Tu umieszczamy tematy dotyczące łuszczycy w ujęciu ogólnym, czyli zwykle nie pasujące do innych działów.
 Basieńka44
#6505
clobex to szampon ze sterydem to i nic dziwnego że pomógł i to pewnie szybko.
 lgas
#8233
Też jestem użytkownikiem Clobexu chwaląc go sobie i nie rozumiem tej nagonki na sterydowe szampony, jak jest potrzeba szybkiego efektu to są idealne
 euterpe
#8236
Też uważam że steryd to nic strasznego. Są choroby gdzie ludzie przyjmują je nawet doustnie miesiącami i nie ma większych komplikacji. Wolę przez krótki czas stosować sterydy niż kosmetyki z nadzieją na poprawę. Do tego dziegieć może mieć działanie rakotwórcze więc też nie jest całkiem bezpieczny.
 Basieńka44
#8238
Oczywiście że steryd jest super :D :D :D
po za tym że ścieńcza naskórek,prowadzi do depresji uszkadza nadnercza..................................... to super szybko działa jeszcze szybciej następuje następny wysyp do nieopanowania nie to co po dziegciach prawda :D :D :D :D
 euterpe
#8240
Basieńka44 pisze:Oczywiście że steryd jest super :D :D :D
po za tym że ścieńcza naskórek,prowadzi do depresji uszkadza nadnercza..................................... to super szybko działa jeszcze szybciej następuje następny wysyp do nieopanowania nie to co po dziegciach prawda :D :D :D :D
Wszystkie skutki uboczne są po długim i niewłaściwym stosowaniu. Jeśli chodzi o depresję i nadnercza to praktycznie niemożliwe przy normalnym stosowaniu. Nawroty są tak czy siak obojętnie czy po dziegciach czy po sterydach bo leczenie skóry to leczenie objawowe i w ogóle nie wpływa na przyczyny choroby. Kiedy nie mam potrzeby to się nie leczę, kiedy chcę lepiej wyglądać sięgam po steryd. Na razie mam dość krótką przygodę z Ł i zobaczymy co będzie dalej.
Awatar użytkownika
 szater
#8242
Kazdy z nas ma jakies doswiadczenia,niekoniecznie nasze spojrzenie musi pasowac innym.Sprawa sterydów juz wielokrotnie była wałkowana...sa dla ludzi.Dziegcie zostały też z jakiegos powodu wycofane...zreszta nie ma leku bez skutkow ubocznych cokolwiek by to miało byc.Rozsadkowe podejscie do leczenia jest najlepszym wyjsciem.Choruje przeszlo 40 lat,róznosci stosowałam ,czasami gdy była taka potrzeba to i wspomagałam sie sterydem...nigdy nie miałam wysypu posterydowego jak rowniez scienionego naskórka,wiec to pewnie nie do konca tez tak jest ze kazdy to musi miec.Na temat szamponów sie nie wypowiadam bo jakoby w tym temacie nie mam doswiadczenia.Co do leczenia sterydami doustnie to juz niestety inna bajka...tu wogóle nie da sie zastapic koniecznych sterydów ziołami ani przy łzs ani przy chorobach tarczycy. :D
Awatar użytkownika
 henia
#8244
Dla pełnej jasności: rozmawiamy tu o stanie
euterpe pisze:.... Kiedy nie mam potrzeby to się nie leczę, kiedy chcę lepiej wyglądać sięgam po steryd.
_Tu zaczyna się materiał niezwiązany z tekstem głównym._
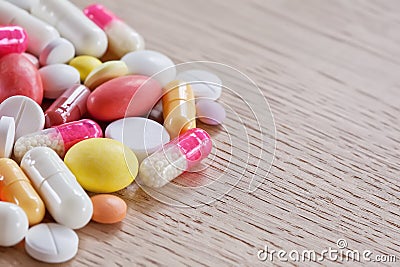 Multicoloured pills and capsules Stock Photo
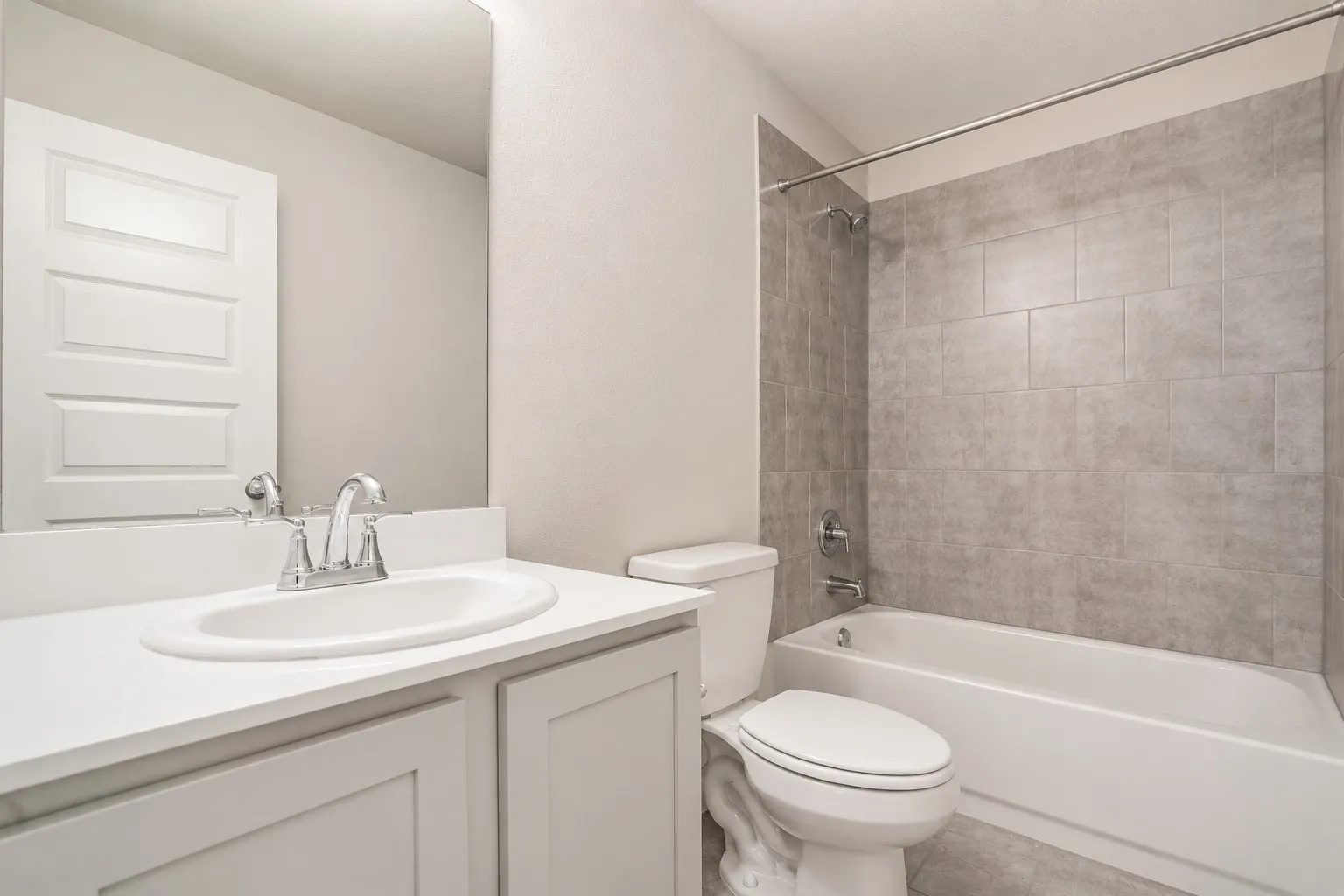 White vanity with an integrated sink, polished chrome faucet, full-width mirror, toilet, and bathtub with gray tile surround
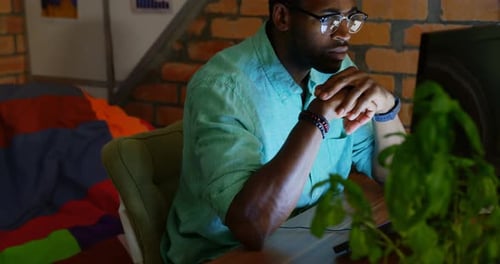 Businessman working on computer in a modern office 4k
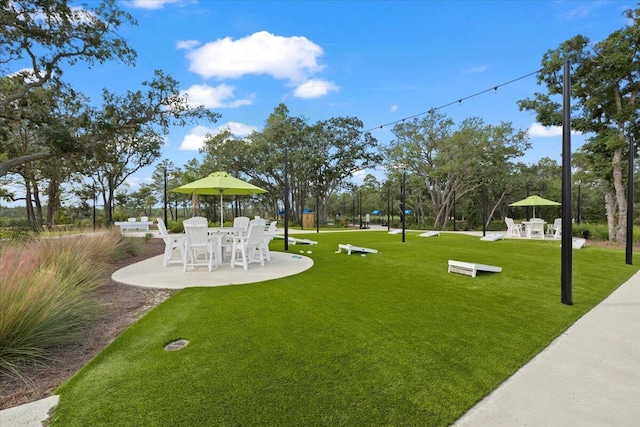 view of property's community featuring a patio area and a yard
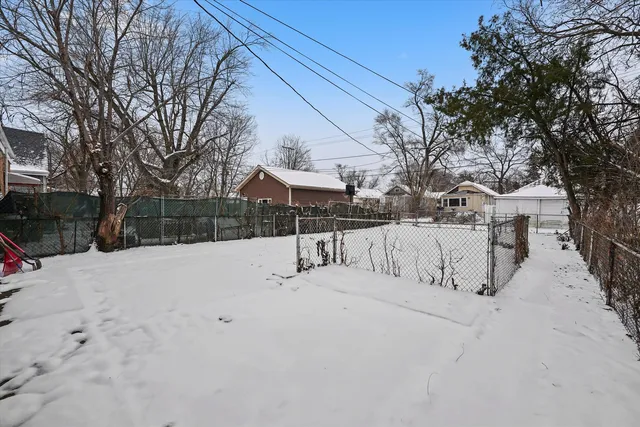 a view of snow on the roadside
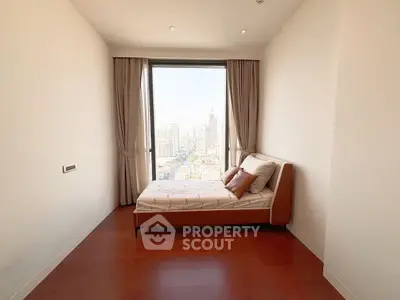 Minimalist bedroom with stunning city view through large window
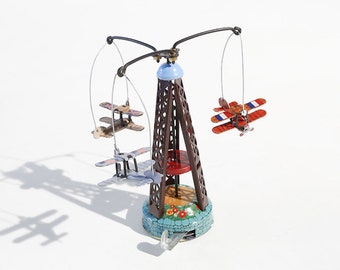 Biplane Carousel. Tin Toy / Retro / Clockwork Fairground Toy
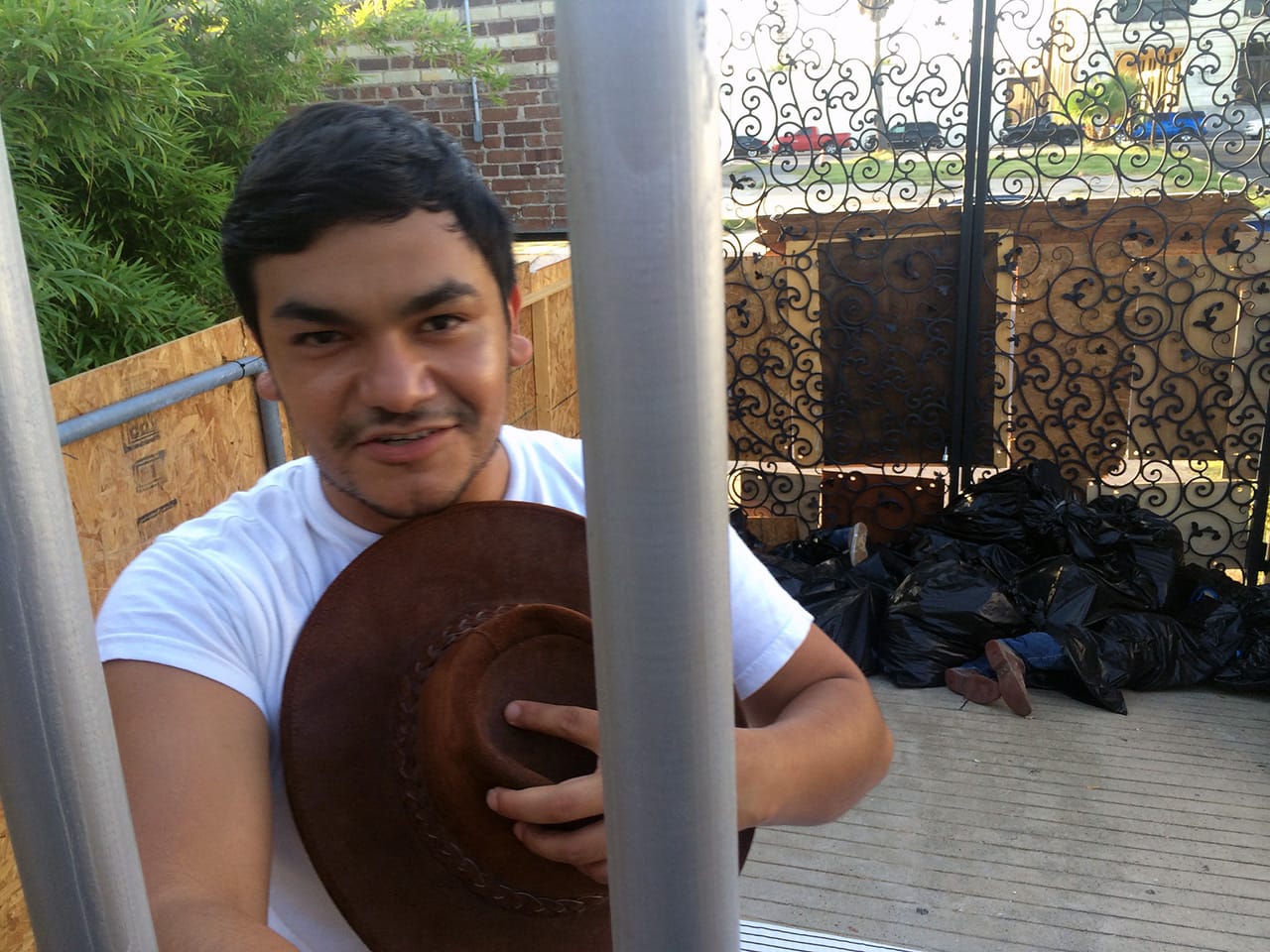 A happy inmate with bodies stashed in the back.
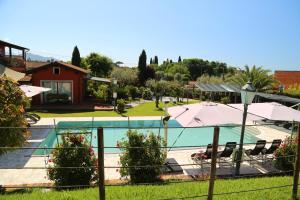 a resort with a swimming pool with umbrellas at Hotel Ristorante la Luna in Sarzana +46 photos
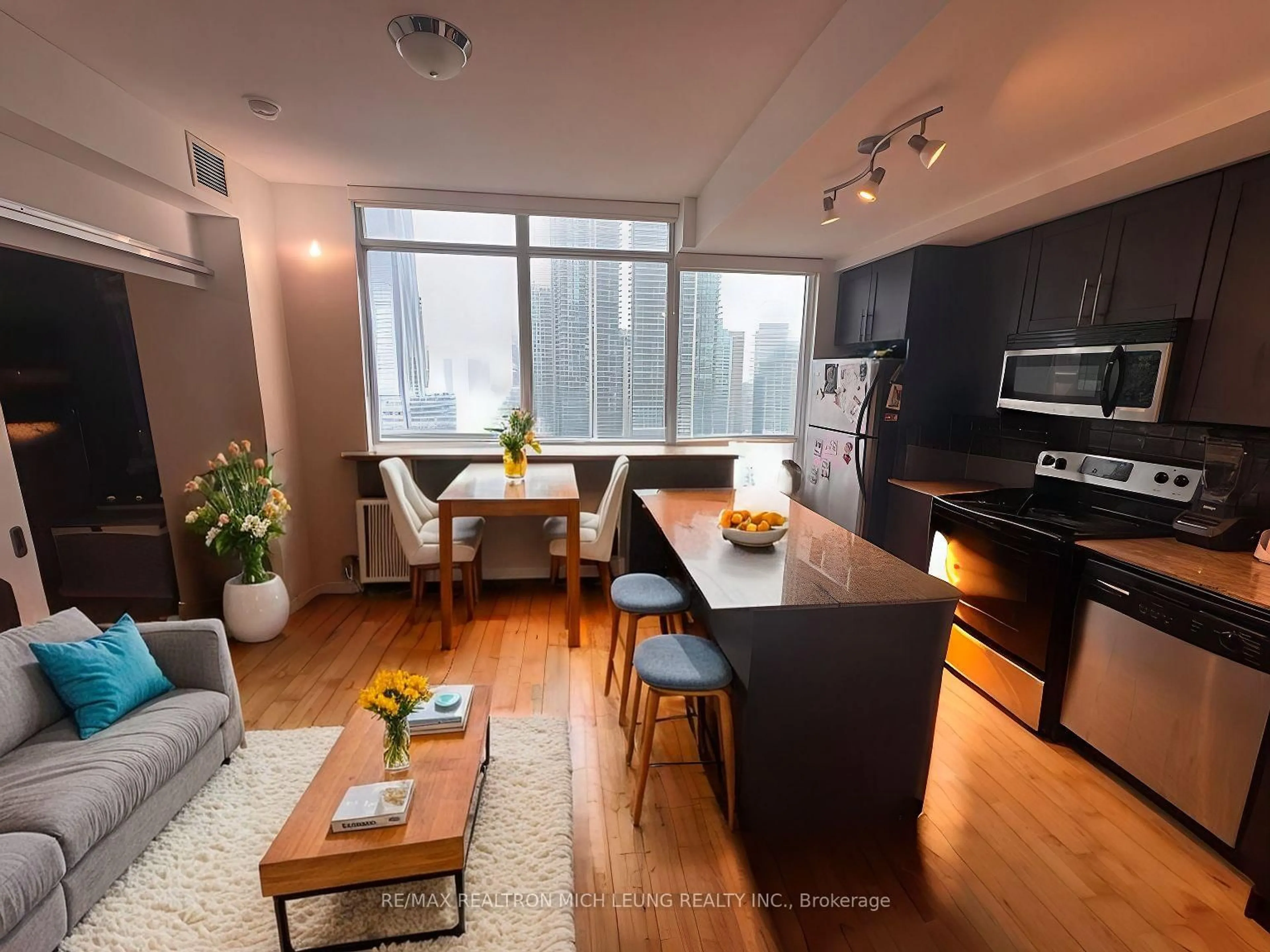 Open concept kitchen, wood/laminate floor for 55 Bremner Blvd #1704, Toronto Ontario M5J 0A6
euterpe pisze:... Jeśli chodzi o depresję i nadnercza to praktycznie niemożliwe przy normalnym stosowaniu.
Będę dyskutowała: skąd Twoja pewność, że niemożliwe? Znasz granice Swojego organizmu pod tym względem? A może znasz jakieś dane z badań w tym zakresie? bo jakby zalecenia/ostrzeżenia z ulotek z preparatów sterydowych, mówią o czymś zupełnie innym.
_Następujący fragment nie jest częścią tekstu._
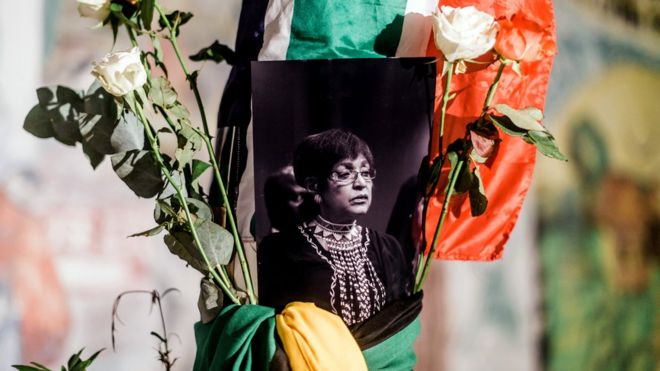 A black and white photograph of the late Winnie Madikizela-Mandela is surrounded by the South African and African National Congress (ANC) flags on a pole at the Old Durban Prison's Human Rights wall as South Africans gather to pay respect to the late high-profile anti-apartheid activist during a candle vigil in Durban on April 2, 2018.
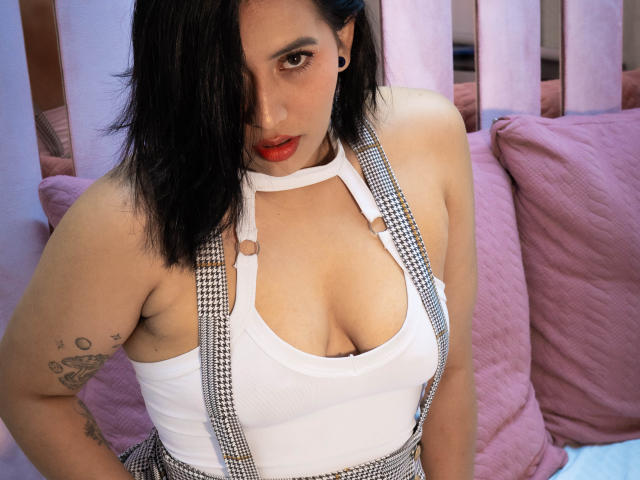 AmyRoss with black hair, red lipstick, white tank top, houndstooth suspenders, showing her tits, tattoo on left arm, sitting on pink pillows, looking at camera.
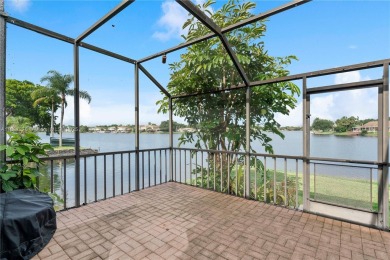 Enjoy breathtaking lakefront views  spectacular sunsets from on Pembroke Lakes Golf Club in Florida - for sale on GolfHomes.com, golf home, golf lot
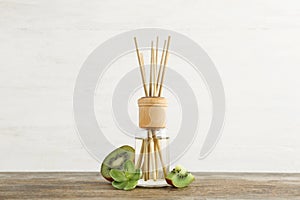 Aromatic reed freshener and kiwi on wooden table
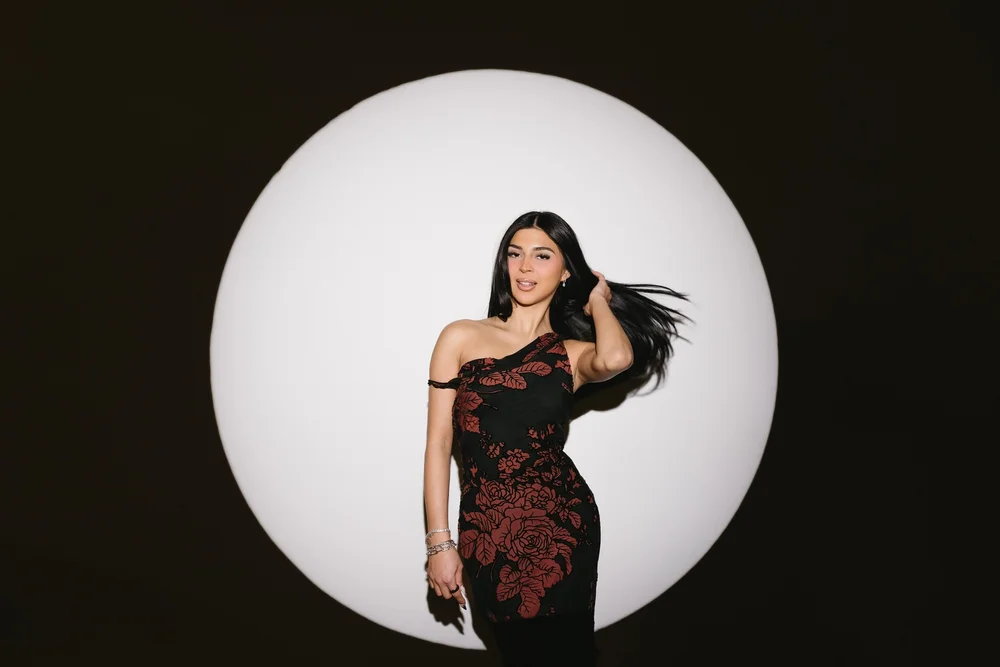 A woman in a black gown turning in a circle of spotlight against a dark wall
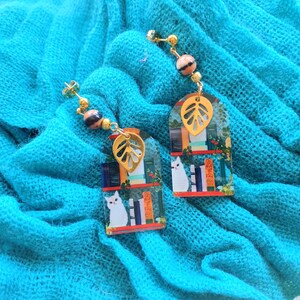 May include: A pair of dangle earrings featuring a whimsical design. Each earring has a gold-colored leaf charm, a rectangular pendant with a cat illustration, and decorative beads. The earrings are set against a turquoise fabric.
euterpe pisze:... Nawroty są tak czy siak obojętnie czy po dziegciach czy po sterydach...
Czym i w jaki sposób leczyłeś się dotychczas, że z taka stanowczością, i pewnością, podajesz tu Swoją opinię w tym względzie? Poproszę o własne doświadczenia albo chociaż dane z badań medycznych, jeżeli takowe posiadasz, to tak na poparcie Twoich tez. Pozdrawiam
Awatar użytkownika
 Gosiaczek68
#8245
Kod: Zaznacz cały
Nawroty są tak czy siak obojętnie czy po dziegciach czy po sterydach 

Całe lata leczyłam sie zewnętrznie sterydami różnymi... głównie silna artyleria. Nie wiem co to jest wysyp posterydowy, nie miałam lub nie wiem że to było to. :P Przy leczeniu sterydami było okropnie, ł wracała ze zdwojoną siłą. ;( Zaleczyłam małą plamke, wracała juz nie mała tylko wieksza i jeszcze większa aż zajęła całe piszczele, a małe niedoleczone zmiany rozrastały sie w porażająco.
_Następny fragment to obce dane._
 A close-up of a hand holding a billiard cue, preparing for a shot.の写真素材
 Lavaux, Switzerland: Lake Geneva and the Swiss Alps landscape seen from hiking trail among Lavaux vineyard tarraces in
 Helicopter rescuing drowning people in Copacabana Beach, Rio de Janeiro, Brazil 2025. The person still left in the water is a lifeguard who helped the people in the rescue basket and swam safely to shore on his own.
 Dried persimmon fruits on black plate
Po leczeniu dziegciami, małe niedoleczone zmiany pozostają bez zmian... trzymaja sie swoich rozmiarów.
Zrobiłam test jakieś 2 tyg temu posmarowałam pępek 2 razy sterydem, po 2 dniach nie było śladu, po następnych 2 dniach zmiany miałam 2 razy większe.
Wniosek nic dobrego to nie przyniosło, tylko pogorszyło sprawę, bo ł jest nadal. Po mazianiu nawet zwykłym linomagiem ł nadal jest tylko się nie rozrasta, czyli wolę linomag lub balsam z nagietka, byle ta @ sie nie rozrastała.
Nawroty są tylko że po sterydach czasami nie do opanowania. xd
 Basieńka44
#8246
Sam fakt że po naturalnych mazidłach miałam dwukrotnie remisje a po tych cud sterydach wysyp na całe ciało za każdym razem silniejszy
jak już się wydawało że się zalecza i wszystko znikało sypało na nowo.
Na początku owszem po tygodniu potrafiło zejść :) :) :)
Oczywiście mazidła za grosze bom nie majętna na lepsiejsze firmy mnie nie stać :D :D :D :D
Awatar użytkownika
 puma
#8247
euterpe pisze: Na razie mam dość krótką przygodę z Ł ...
dla mnie wszystko jest jasne ;)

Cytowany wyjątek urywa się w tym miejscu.